Two uses of the release matter most for buyers and investors.

  • Spread of private-rental stress across capital cities. When Sydney private-rental stress sits materially above Adelaide or Brisbane, the spread is a framing of where the rental market is overshooting income capacity. That is one of the slower indicators of when a rental market is approaching the ceiling its local income base can support, and it tracks loosely with the vacancy and rent-growth signals visible in monthly data.
  • Owner-mortgagor stress as a leading indicator of forced selling. Mortgage stress rates do not flip overnight, but a sustained rise in the owner-with-mortgage 30/40 share across consecutive biennial prints is one of the earlier signals that a rate-rise cycle is biting deep enough to push households out of their dwellings. The release is slow, but the directional read is real.

For the monthly data that fills in the gap between biennial Housing Occupancy and Costs releases, the companion reads on ABS Lending Indicators and SQM Research vacancy data do most of the heavy lifting. For the income side, the gap between wages and mortgage rates is the longer-frame view, covered in the wage versus mortgage rate gap.
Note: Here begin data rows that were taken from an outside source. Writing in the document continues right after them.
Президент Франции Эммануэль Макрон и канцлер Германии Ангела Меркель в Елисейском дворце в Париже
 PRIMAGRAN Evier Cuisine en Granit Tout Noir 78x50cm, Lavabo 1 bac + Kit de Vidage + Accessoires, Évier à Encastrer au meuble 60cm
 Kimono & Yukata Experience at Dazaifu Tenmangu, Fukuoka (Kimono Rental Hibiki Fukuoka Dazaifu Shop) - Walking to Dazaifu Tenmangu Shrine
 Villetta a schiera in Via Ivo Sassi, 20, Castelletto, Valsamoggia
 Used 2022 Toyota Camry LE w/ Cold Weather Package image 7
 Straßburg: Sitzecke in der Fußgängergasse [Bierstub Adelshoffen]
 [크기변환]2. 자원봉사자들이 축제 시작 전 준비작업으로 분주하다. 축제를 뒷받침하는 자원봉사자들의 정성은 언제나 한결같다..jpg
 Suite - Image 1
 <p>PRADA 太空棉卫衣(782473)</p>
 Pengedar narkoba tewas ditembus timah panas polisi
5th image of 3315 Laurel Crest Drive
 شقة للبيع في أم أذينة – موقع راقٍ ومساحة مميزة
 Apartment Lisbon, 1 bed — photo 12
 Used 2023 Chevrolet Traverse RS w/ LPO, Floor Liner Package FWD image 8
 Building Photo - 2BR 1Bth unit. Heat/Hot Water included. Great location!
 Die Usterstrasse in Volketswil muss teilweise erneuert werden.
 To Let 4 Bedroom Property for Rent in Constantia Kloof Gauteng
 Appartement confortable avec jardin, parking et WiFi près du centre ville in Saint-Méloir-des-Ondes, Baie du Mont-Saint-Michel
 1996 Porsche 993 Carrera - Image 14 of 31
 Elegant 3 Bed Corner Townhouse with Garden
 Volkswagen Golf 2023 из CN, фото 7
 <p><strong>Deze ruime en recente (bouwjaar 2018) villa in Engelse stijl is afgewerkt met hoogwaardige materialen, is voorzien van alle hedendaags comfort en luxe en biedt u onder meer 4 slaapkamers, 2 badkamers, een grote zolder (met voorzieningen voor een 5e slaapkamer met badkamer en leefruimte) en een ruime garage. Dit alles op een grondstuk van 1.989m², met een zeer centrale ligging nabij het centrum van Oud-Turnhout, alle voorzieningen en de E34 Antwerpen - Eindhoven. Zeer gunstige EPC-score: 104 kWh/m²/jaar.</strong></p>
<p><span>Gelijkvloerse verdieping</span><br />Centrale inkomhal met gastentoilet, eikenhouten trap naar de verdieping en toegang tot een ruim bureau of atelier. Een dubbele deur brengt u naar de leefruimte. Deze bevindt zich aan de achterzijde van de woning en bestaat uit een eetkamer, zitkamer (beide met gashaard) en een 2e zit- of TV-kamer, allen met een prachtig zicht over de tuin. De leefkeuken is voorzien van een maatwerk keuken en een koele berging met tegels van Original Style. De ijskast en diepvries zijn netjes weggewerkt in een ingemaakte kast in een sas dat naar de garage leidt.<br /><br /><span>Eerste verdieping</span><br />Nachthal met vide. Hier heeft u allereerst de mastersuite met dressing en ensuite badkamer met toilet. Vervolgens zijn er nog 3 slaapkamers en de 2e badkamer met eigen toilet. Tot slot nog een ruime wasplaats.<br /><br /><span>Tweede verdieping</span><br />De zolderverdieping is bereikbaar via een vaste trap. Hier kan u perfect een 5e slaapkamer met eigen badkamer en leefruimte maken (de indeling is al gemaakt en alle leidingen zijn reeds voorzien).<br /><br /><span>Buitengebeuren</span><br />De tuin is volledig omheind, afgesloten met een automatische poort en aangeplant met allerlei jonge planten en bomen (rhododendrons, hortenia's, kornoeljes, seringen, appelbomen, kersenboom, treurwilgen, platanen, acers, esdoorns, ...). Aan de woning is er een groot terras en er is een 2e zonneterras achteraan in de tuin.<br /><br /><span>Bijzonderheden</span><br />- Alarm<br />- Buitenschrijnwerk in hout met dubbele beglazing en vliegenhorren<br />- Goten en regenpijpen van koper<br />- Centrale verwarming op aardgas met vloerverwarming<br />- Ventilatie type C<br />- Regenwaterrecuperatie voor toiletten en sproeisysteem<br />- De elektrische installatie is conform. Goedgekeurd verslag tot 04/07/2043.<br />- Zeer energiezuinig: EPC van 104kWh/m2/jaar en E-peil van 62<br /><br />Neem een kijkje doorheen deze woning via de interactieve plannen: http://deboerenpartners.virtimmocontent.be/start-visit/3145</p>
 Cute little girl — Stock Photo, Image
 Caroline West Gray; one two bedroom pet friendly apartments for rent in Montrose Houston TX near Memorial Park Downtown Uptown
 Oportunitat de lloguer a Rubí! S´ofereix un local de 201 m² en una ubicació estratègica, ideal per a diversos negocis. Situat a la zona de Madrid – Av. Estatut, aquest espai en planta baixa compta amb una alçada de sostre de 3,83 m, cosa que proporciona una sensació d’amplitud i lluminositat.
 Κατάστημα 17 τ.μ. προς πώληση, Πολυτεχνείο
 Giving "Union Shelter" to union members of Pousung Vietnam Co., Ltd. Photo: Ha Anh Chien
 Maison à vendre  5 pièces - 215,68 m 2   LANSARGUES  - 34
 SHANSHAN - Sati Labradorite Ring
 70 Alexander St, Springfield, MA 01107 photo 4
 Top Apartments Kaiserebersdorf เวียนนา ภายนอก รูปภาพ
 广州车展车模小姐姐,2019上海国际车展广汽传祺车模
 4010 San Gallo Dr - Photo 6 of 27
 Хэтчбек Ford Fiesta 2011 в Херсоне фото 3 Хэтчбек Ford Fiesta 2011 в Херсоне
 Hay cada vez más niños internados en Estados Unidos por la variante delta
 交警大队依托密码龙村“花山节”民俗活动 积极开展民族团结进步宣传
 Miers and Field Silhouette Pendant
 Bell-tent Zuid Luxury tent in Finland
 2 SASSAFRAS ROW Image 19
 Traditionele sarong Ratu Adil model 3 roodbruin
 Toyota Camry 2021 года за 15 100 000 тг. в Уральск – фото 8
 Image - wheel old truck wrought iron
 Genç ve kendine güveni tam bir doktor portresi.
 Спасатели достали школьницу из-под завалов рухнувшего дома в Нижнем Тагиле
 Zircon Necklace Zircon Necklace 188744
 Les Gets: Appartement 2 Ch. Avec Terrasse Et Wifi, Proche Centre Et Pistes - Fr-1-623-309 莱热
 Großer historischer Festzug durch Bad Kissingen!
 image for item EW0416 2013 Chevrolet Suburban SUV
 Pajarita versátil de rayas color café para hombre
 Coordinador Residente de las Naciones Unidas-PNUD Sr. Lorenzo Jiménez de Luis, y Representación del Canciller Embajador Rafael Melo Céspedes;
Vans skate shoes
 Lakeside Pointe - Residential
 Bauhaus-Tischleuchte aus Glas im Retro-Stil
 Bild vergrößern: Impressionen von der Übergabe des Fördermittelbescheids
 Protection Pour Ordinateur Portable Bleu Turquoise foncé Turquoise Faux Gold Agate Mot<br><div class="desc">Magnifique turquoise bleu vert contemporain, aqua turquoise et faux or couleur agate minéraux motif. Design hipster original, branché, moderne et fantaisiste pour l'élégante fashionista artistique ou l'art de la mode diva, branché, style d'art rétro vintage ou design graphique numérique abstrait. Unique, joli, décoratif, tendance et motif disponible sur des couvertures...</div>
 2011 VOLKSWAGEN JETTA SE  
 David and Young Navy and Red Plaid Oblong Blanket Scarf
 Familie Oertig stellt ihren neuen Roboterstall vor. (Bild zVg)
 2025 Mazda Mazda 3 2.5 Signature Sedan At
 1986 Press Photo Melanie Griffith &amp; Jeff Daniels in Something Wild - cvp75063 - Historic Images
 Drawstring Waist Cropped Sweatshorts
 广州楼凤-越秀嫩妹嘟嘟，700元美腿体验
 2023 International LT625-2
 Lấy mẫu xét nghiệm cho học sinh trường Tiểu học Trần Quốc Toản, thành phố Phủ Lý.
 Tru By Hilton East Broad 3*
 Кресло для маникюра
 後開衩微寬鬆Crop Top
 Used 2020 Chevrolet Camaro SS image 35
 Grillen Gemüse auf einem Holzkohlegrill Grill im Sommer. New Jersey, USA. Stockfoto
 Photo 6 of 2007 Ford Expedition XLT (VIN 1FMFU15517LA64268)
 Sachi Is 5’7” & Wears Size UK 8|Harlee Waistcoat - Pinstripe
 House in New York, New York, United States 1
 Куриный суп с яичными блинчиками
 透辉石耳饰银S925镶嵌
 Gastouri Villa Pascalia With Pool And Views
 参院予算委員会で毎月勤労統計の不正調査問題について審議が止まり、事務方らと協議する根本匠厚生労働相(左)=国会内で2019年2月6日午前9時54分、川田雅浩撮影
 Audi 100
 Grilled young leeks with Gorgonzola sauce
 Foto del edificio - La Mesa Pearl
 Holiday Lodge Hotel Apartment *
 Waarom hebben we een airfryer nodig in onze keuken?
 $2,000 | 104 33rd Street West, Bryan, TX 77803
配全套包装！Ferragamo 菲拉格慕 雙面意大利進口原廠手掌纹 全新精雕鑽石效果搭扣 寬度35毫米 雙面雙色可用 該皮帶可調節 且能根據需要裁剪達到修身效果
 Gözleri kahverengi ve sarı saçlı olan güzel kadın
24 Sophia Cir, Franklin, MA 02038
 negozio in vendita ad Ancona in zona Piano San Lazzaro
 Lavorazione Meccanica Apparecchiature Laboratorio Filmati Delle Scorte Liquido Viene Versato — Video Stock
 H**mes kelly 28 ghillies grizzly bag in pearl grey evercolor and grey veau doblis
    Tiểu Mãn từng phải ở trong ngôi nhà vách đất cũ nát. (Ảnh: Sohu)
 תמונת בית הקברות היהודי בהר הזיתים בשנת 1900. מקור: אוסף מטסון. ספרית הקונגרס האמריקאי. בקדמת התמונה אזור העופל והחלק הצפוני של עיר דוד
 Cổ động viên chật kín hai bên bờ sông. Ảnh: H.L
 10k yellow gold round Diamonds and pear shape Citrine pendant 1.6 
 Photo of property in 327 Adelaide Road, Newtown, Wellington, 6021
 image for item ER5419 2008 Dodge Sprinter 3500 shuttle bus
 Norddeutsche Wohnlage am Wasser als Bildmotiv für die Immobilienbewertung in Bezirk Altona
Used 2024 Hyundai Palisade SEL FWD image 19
Each of those sits inside the same affordability story that Housing Occupancy and Costs reports at the household level every two years.

What good reading of the release looks like

A useful read of any Housing Occupancy and Costs print does a small number of things, in this order.

  • Split by tenure before saying anything. Headline aggregate figures across all tenures are almost always the wrong frame.
  • Read the 30/40 indicator alongside the median housing-cost share for the same tenure. A 30/40 rate rising while the median share is flat tells you the distribution is widening at the bottom, not that everyone is worse off.
  • Compare to the previous release on the same methodology base. If there has been a methodological revision between cycles, the ABS notes it in the release; read those notes before drawing a trend line.
  • Cross-reference against AIHW Housing Assistance in Australia for the policy lens, and the Productivity Commission Report on Government Services housing chapter for the program-level view. Three publications off the same underlying SIH dataset, each cut a different way.

The data behind the headlines

Most coverage of a new Housing Occupancy and Costs release runs on one or two figures from the media summary, with the rest of the tables left untouched. The release itself is small enough to read in an afternoon, and the data cubes underneath are richer than the summary suggests. If a claim about Australian housing stress matters enough to act on, it is worth opening the cube rather than the article about the cube.

On Burbfinder, suburb and region pages surface local-grain rent, price, and vacancy figures that sit downstream of the same affordability pressures the ABS release measures at the national level. The 30/40 indicator is a useful national frame; the suburb-grain data is where that frame meets a specific decision. Read the indicator for what it is, an affordability share with a deliberate income filter, and the misreadings it invites largely stop being a problem.